FilmSpace is at the 73rd Edinburgh Film Festival. Film critic Calum Cooper begins the line-up of reviews with his thoughts on this year’s opening film Boyz in the Wood.
It’s a joy and a privilege to be back in Edinburgh for another EIFF, celebrating not only the best of contemporary Scottish cinema, but the diversity and uniqueness of international cinema too. Over the course of the next couple of weeks we’ll be bringing you reviews for several new films being screened. If the opening movie is anything to go by, it’s going to be a great festival.
Boyz in the Wood – ★★★★☆
Boyz in the Wood has a lot more going for it than its synopsis would initially suggest. Joining the likes of last year’s Calibre as another eerie tale set in the Highlands, the film is a sharp, observant satire of the generation gap. Serving as a vehicle for this satire is its lively central plot, which can only be described as the Duke of Edinburgh hike from hell.

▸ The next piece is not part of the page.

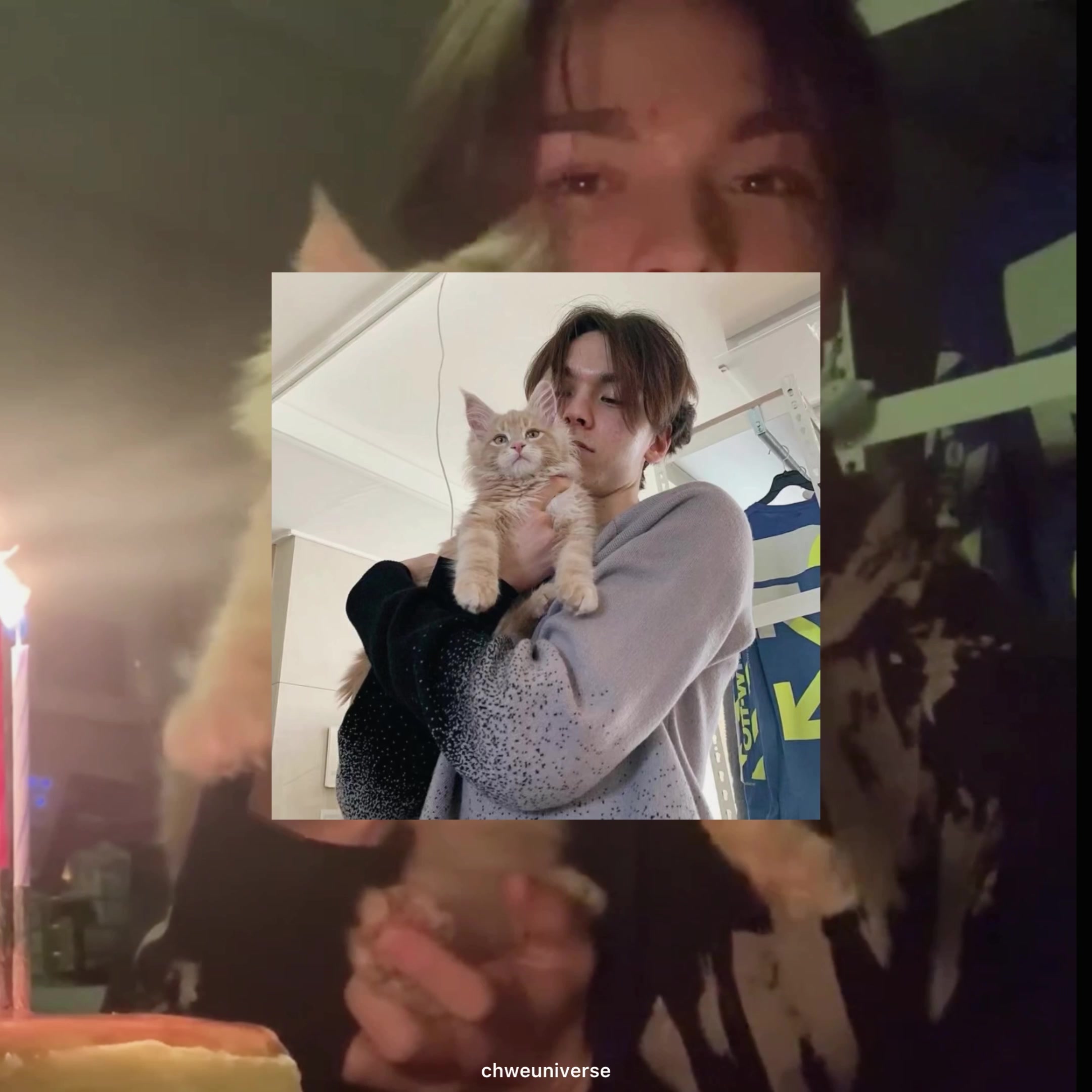 @chweuniverse ✨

Duncan, Dean, and aspiring rapper DJ Beatroot (Lewis Gribbin, Rian Gordon, and Viraj Juneja respectively) are all close friends forced to partake in a D of E hike with the home-schooled Ian (Samuel Bottomley). However, mutual dislike between the boys soon becomes the least of their problems. Before long, they find themselves in trouble. They start off mundane, with a torn map and smuggled drugs. But then they start being pursued by a masked elderly man (Eddie Izzard) wielding a rifle, with an aim to purge the Highlands of teenagers and youthful delinquency. It’s a mental premise in which the four boys have to outwit their would be assassin through increasingly insane, but menacingly riotous means.

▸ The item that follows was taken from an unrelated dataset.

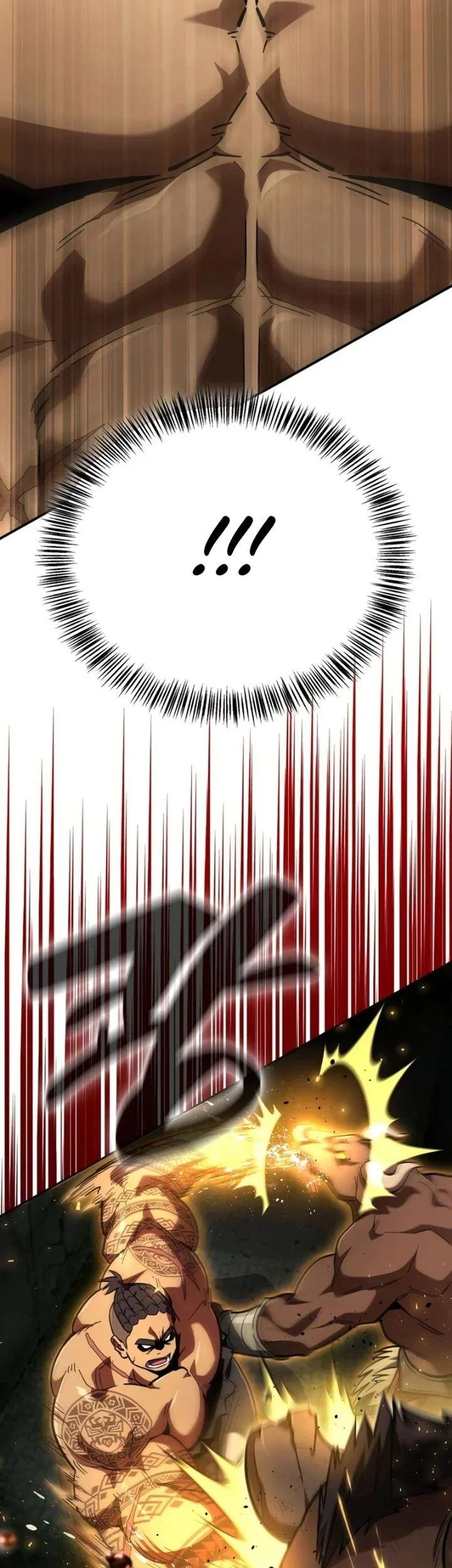 A Wimp's Strategy Guide to Conquer the Tower Chapter 25 Gambar 95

Humour and well-paced thrills are the film’s selling points, yet it is not what makes it so enjoyable. The film is in truth a very clever analogy on the generational gap, and the steps that can be made to ensure mutual respect. The older generation of which the gun wielding Eddie Izzard represents are no doubt the villains in this tale, but the film is not mocking the group broadly. Specifically it is calling out the selfish and the entitled within the older generation – the elders who condescendingly tell younger generations how “good” they have it, while simultaneously reaping the benefits of the world their parents created, refusing to bow for anybody who comes after. The ones who cannot see the bigger picture beyond their narrow-minded, and often prejudiced, views of the world, ensuring nothing gainful is left for anyone but them. It’s the mentality that has left us with a crippling cost of living, nationwide lack of ambition, and potential catastrophe in terms of climate change, something that many arrogantly refuse to take responsibility for.

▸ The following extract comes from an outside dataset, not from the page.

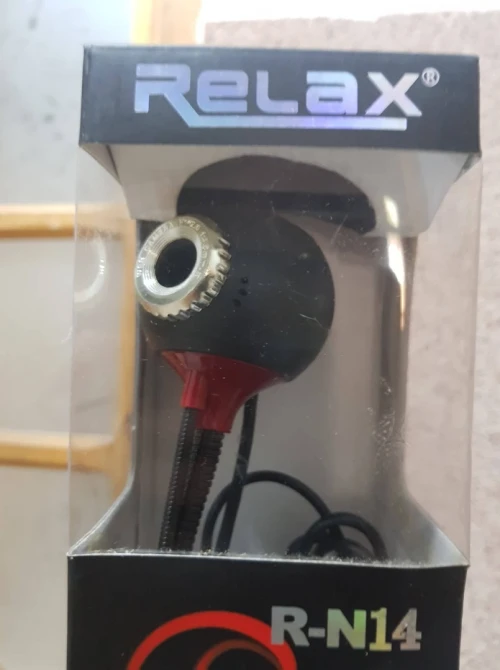 WebCam Camera Flexible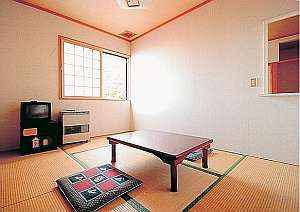 Khác Tsubota Ryokan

Yet the film also ensures that things can get better with the basic concept of acceptance. The masked man wants to kill the boys because of their hooliganism, something that is youthful, but not permanent. The film argues that if the youth are embraced, flaws and all, then the cycle of resentment will eventually stop. The sooner older generations welcome younger generations and their ideas with open arms, the more the world will strive. Once that respect and openness is given by the elders, the young will return it back by tenfold, something encapsulated brilliantly in the film’s last ten minutes.
Disturbing and screwed up, yet also darkly funny, and more heartfelt than you’d expect, the movie soars whether taken at face value or viewed as an intelligent piece of commentary.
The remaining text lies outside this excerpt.